17.2.1 Creating a CronJob
The following listing shows a CronJob manifest that runs a Job every minute. This Job aggregates the Quiz responses received today and updates the daily quiz statistics. You can find the manifest in the cj.aggregate-responses-every-minute.yaml file.
Listing 17.16 A CronJob that runs a Job every minute
apiVersion: batch/v1
kind: CronJob
metadata:
name: aggregate-responses-every-minute
spec:
schedule: "* * * * *"
jobTemplate:
metadata:
labels:
app: aggregate-responses-today
spec:
template:
metadata:
labels:
app: aggregate-responses-today
spec:
restartPolicy: OnFailure
containers:
- name: updater
image: mongo:5
command:
- mongosh
- mongodb+srv://quiz-pods.kiada.svc.cluster.local/kiada?tls=false
- --quiet
- --file
- /script.js
volumeMounts:
- name: script
subPath: script.js
mountPath: /script.js
volumes:
- name: script
configMap:
name: aggregate-responses-today
As you can see in the listing, a CronJob is just a thin wrapper around a Job.

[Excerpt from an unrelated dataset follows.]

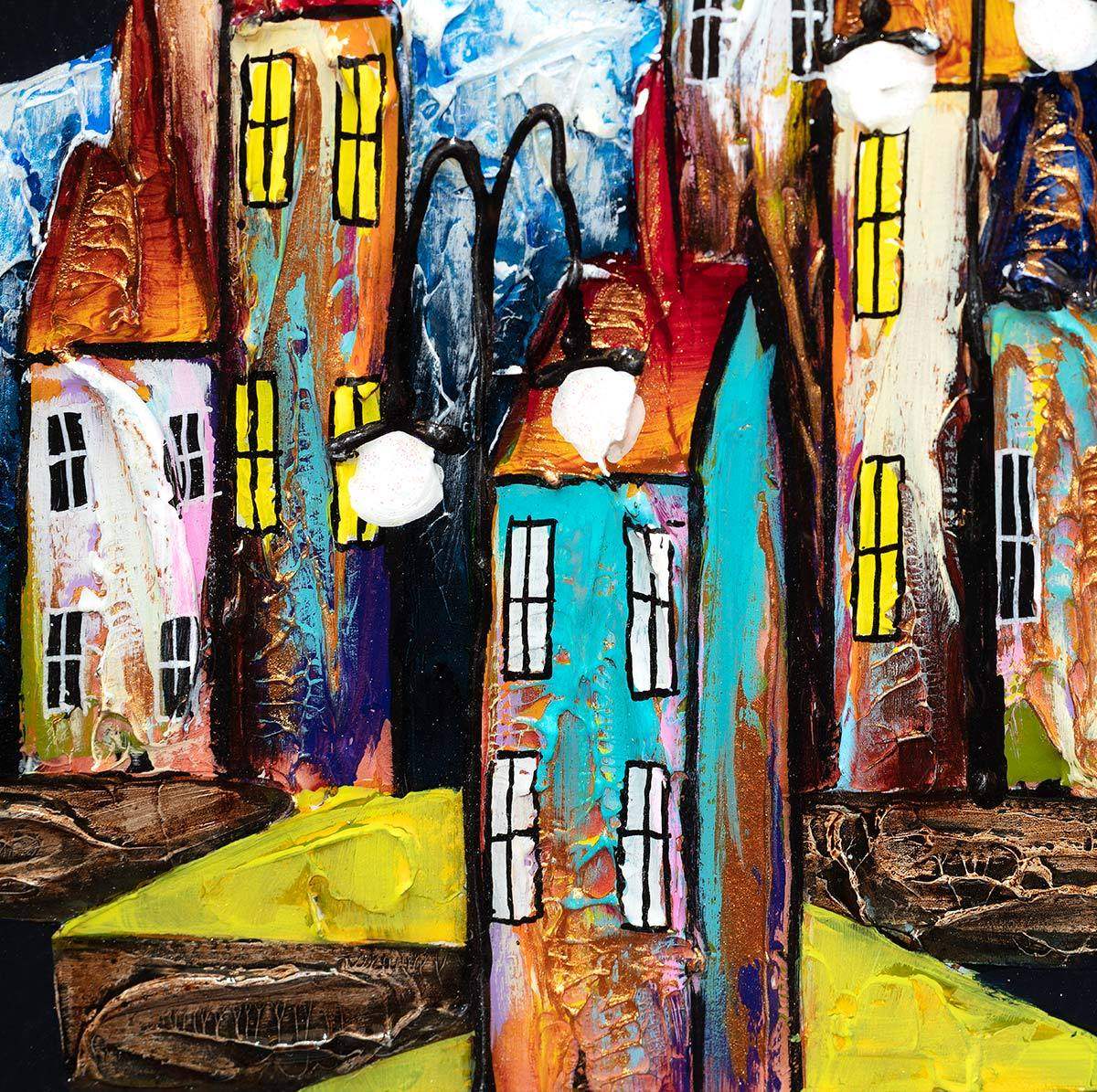 Houses at Dark - SOLD by artist Rozanne Bell - Wyecliffe Galleries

There are only two parts in the CronJob spec: the schedule and the jobTemplate. You learned how to write a Job manifest in the previous sections, so that part should be clear. If you know the crontab format, you should also understand how the schedule field works. If not, I explain it in section 17.2.2. First, let’s create the CronJob object from the manifest and see it in action.
Running a CronJob
Apply the manifest file to create the CronJob. Use the kubectl get cj command to check the object:
$ kubectl get cj
NAME SCHEDULE SUSPEND ACTIVE LAST SCHEDULE AGE
aggregate-responses-every-minute * * * * * False 0 <none> 2s
NOTE
The shorthand for CronJob is cj.
NOTE
When you list CronJobs with the -o wide option, the command also shows the container names and images used in the Pod, so you can easily see what the CronJob does.

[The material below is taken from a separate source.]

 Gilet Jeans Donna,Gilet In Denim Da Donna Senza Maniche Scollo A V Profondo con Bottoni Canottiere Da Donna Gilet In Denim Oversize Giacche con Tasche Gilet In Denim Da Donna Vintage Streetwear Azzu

The command output shows the list of CronJobs in the current Namespace. For each CronJob, the name, schedule, whether the CronJob is suspended, the number of currently active Jobs, the last time a Job was scheduled, and the age of the object are displayed.

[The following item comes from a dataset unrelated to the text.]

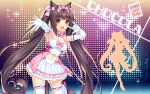  1girl :d \m/ animal_band_legwear animal_ears artist_name bangs bare_shoulders blunt_bangs bow bowtie breasts brown_eyes brown_hair cat_band_legwear cat_ears cat_tail character_name chocola_(sayori) elbow_gloves eyebrows_visible_through_hair frills gloves hair_ribbon heart highres layered_skirt long_hair looking_at_viewer medium_breasts midriff navel nekopara official_art open_mouth outstretched_arm ribbon sayori silhouette slit_pupils smile solo sparkle tail thigh-highs twintails very_long_hair wallpaper white_gloves white_legwear 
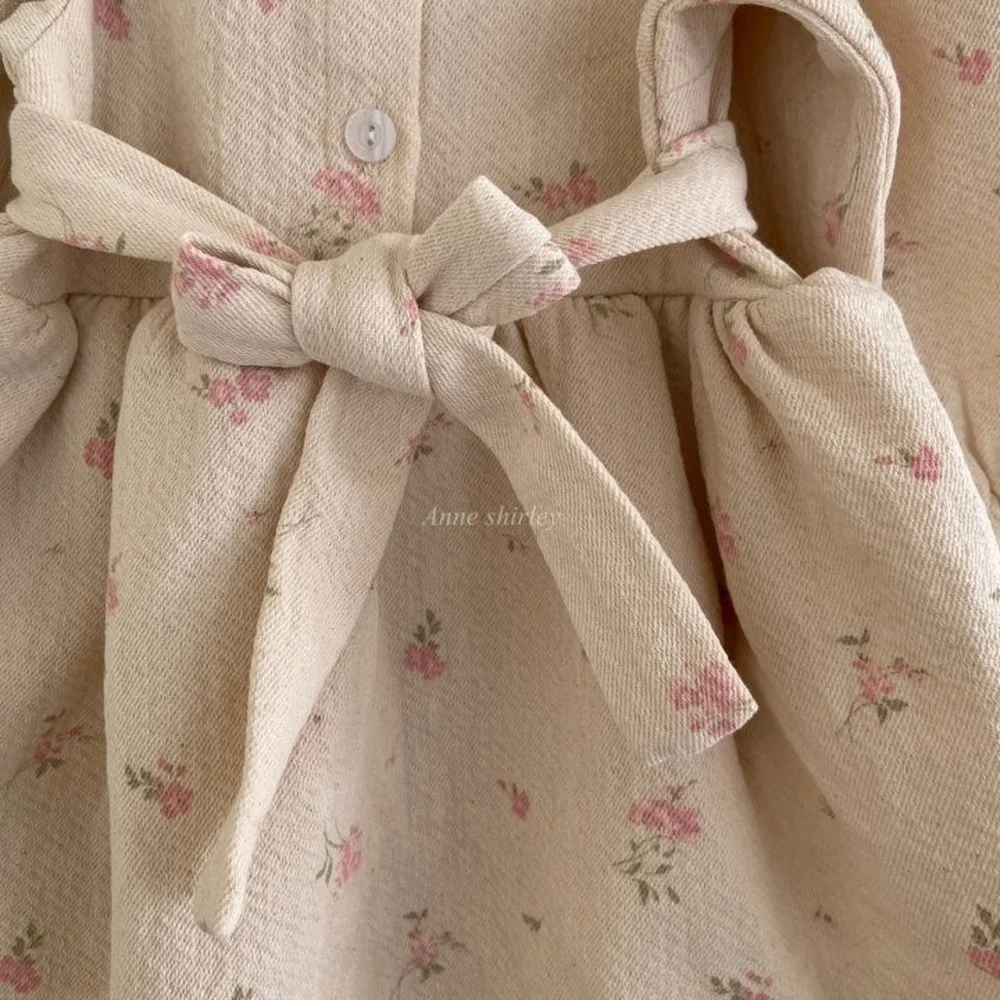 

Kids Dress Children's Clothing Spring 2021 Baby Girl Floral Puff Sleeve Dress Girls Dresses Girls Clothes No Headband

As indicated by the information in the columns ACTIVE and LAST SCHEDULE, no Job has yet been created for this CronJob. The CronJob is configured to create a new Job every minute. The first Job is created when the next minute starts, and the output of the kubectl get cj command then looks like this:
$ kubectl get cj
NAME SCHEDULE SUSPEND ACTIVE LAST SCHEDULE AGE
aggregate-responses-every-minute * * * * * False 1 2s 53s
The command output now shows an active Job that was created 2 seconds ago. Unlike the Job controller, which adds the job-name label to the Pods so you can easily list Pods associated with a Job, the CronJob controller doesn’t add labels to the Job. So, if you want to list Jobs created by a specific CronJob, you need to add your own labels to the Job template.
In the manifest for the aggregate-responses-every-minute CronJob, you added the label “app: aggregate-responses-today” to both the Job template and the Pod template within that Job template. This allows you to easily list the Jobs and Pods associated with this CronJob. List the associated Jobs as follows:
$ kubectl get jobs -l app=aggregate-responses-today
NAME COMPLETIONS DURATION AGE
aggregate-responses-every-minute-27755219 1/1 36s 37s
The CronJob has created only one Job so far. As you can see, the Job name is generated from the CronJob name. The number at the end of the name is the scheduled time of the Job in Unix Epoch Time, converted to minutes.
When the CronJob controller creates the Job object, the Job controller creates one or more Pods, depending on the Job template. To list the Pods, you use the same label selector as before. The command looks like this:
$ kubectl get pods -l app=aggregate-responses-today
NAME READY STATUS RESTARTS AGE
aggregate-responses-every-minute-27755219-4sl97 0/1 Completed 0 52s
The status shows that this Pod has completed successfully, but you already knew that from the Job status.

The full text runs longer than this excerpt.